Russia will again attempt to launch its first post Soviet-era rocket into space following an aborted blast-off on June 27.
Russia will on Wednesday attempt to launch its newest rocket after an embarrassing last-minute glitch forced authorities to abort the initial test.
"A new attempt to launch the Angara rocket will take place on July 9," the Interfax news agency reported on Saturday, citing a source close to the state commission deciding on the issue.
Designed to succeed Proton and other Soviet-era launchers, the Angara is billed as the first rocket to have been completely built after the collapse of the Soviet Union.
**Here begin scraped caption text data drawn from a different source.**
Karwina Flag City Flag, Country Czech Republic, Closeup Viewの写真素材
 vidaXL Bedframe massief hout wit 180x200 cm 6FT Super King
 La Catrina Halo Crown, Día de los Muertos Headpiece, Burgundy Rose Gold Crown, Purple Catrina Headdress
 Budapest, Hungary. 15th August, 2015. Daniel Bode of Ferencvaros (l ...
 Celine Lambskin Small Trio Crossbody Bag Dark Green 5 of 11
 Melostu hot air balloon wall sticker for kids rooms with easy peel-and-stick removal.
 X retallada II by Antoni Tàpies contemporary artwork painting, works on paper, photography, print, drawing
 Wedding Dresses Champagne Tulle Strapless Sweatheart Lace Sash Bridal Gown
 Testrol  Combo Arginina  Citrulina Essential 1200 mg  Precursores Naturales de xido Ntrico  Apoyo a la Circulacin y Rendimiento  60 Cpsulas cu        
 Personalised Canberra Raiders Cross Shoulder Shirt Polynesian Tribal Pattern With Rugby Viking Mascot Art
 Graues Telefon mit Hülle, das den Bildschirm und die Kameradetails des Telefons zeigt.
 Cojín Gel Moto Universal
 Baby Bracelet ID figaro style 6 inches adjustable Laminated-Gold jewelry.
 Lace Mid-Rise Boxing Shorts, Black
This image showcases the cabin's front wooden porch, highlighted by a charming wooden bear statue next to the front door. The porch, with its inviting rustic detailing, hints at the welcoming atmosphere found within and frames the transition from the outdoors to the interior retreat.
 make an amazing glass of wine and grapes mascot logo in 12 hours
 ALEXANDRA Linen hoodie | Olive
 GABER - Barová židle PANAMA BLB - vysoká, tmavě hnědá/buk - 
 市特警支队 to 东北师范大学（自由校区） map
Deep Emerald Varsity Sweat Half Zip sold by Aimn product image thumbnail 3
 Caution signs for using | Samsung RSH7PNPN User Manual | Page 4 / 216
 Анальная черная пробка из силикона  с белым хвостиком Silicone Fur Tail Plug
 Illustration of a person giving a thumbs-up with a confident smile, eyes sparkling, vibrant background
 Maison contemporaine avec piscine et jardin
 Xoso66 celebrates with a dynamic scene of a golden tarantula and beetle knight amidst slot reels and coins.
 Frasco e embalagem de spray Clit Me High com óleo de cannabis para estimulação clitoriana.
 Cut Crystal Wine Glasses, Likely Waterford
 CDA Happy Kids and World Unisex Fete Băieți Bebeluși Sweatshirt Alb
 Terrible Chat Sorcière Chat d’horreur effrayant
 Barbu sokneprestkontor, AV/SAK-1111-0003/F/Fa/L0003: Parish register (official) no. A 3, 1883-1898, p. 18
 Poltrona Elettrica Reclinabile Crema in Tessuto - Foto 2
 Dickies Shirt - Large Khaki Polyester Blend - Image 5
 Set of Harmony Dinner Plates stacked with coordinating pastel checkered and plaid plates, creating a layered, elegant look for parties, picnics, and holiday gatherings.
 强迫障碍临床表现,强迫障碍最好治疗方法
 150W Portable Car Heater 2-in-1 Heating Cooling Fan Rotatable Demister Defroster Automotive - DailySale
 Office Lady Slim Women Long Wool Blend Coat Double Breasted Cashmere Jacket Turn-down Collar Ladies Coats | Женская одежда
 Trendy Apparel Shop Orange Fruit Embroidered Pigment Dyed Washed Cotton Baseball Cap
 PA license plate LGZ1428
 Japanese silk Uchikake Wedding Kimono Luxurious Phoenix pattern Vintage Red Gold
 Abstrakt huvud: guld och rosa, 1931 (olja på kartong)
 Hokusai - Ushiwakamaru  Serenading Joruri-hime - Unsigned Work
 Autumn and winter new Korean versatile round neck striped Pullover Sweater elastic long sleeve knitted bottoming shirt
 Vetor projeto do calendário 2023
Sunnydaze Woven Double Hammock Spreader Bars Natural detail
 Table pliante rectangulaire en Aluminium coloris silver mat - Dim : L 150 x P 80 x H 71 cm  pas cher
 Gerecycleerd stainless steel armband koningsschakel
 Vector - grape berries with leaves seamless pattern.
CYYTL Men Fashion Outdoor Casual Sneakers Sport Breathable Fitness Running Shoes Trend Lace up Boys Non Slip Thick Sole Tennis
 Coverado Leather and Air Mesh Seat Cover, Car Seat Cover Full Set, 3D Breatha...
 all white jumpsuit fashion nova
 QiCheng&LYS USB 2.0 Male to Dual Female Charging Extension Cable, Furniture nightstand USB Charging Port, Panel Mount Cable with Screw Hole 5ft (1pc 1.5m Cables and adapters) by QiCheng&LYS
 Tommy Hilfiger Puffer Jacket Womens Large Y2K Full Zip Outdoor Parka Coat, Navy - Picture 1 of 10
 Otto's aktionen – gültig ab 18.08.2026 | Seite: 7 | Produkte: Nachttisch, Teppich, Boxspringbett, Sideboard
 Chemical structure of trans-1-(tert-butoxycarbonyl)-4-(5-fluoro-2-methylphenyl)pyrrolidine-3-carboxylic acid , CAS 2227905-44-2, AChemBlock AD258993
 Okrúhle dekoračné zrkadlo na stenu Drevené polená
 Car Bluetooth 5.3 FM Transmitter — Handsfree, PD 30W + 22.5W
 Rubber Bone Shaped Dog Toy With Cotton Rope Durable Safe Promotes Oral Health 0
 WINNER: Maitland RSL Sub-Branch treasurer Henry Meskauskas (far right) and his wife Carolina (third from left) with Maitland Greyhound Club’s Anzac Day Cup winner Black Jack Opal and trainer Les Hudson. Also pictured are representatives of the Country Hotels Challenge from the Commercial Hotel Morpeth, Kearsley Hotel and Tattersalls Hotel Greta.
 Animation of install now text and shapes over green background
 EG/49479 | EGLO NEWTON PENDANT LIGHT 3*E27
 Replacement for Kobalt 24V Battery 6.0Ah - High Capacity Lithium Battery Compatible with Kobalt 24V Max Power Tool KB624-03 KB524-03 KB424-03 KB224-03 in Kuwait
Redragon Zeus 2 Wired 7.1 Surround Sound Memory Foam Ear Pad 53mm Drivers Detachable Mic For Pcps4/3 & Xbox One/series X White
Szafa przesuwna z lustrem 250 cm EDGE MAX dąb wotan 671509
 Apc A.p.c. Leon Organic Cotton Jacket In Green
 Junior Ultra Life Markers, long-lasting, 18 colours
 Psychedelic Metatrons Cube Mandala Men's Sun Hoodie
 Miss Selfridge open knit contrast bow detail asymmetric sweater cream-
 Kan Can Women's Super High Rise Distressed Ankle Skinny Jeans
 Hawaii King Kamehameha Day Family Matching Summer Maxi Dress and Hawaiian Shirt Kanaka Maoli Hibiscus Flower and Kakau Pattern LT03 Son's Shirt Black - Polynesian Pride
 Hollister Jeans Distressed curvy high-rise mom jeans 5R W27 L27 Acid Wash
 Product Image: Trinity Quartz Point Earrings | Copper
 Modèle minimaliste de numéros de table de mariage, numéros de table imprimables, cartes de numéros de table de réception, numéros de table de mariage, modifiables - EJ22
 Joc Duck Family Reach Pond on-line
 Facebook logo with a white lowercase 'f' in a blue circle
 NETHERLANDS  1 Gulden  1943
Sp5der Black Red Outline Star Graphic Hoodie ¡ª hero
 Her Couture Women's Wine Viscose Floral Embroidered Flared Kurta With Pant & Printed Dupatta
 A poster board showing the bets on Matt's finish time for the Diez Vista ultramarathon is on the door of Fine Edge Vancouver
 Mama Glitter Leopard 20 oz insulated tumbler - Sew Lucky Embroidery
It was scheduled to blast off from Plesetsk in northern Russia on June 27 when officials reported a sudden automatic launch abort, footage of which was broadcast on national television.
President Vladimir Putin was overseeing the planned launch via live link-up.
The mishap was the latest blow to the Russian government's plans to overhaul a space program famed for having sent the first man into space in 1961 and launching the first Sputnik satellite four years earlier.
In May a Proton launcher carrying an advanced communication satellite fell back to earth just minutes after lift-off.
Last July, an unmanned Proton carrier rocket exploded on takeoff at the Baikonur cosmodrome in Kazakhstan, releasing hundreds of tonnes of toxic fuel in spectacular images caught on live television.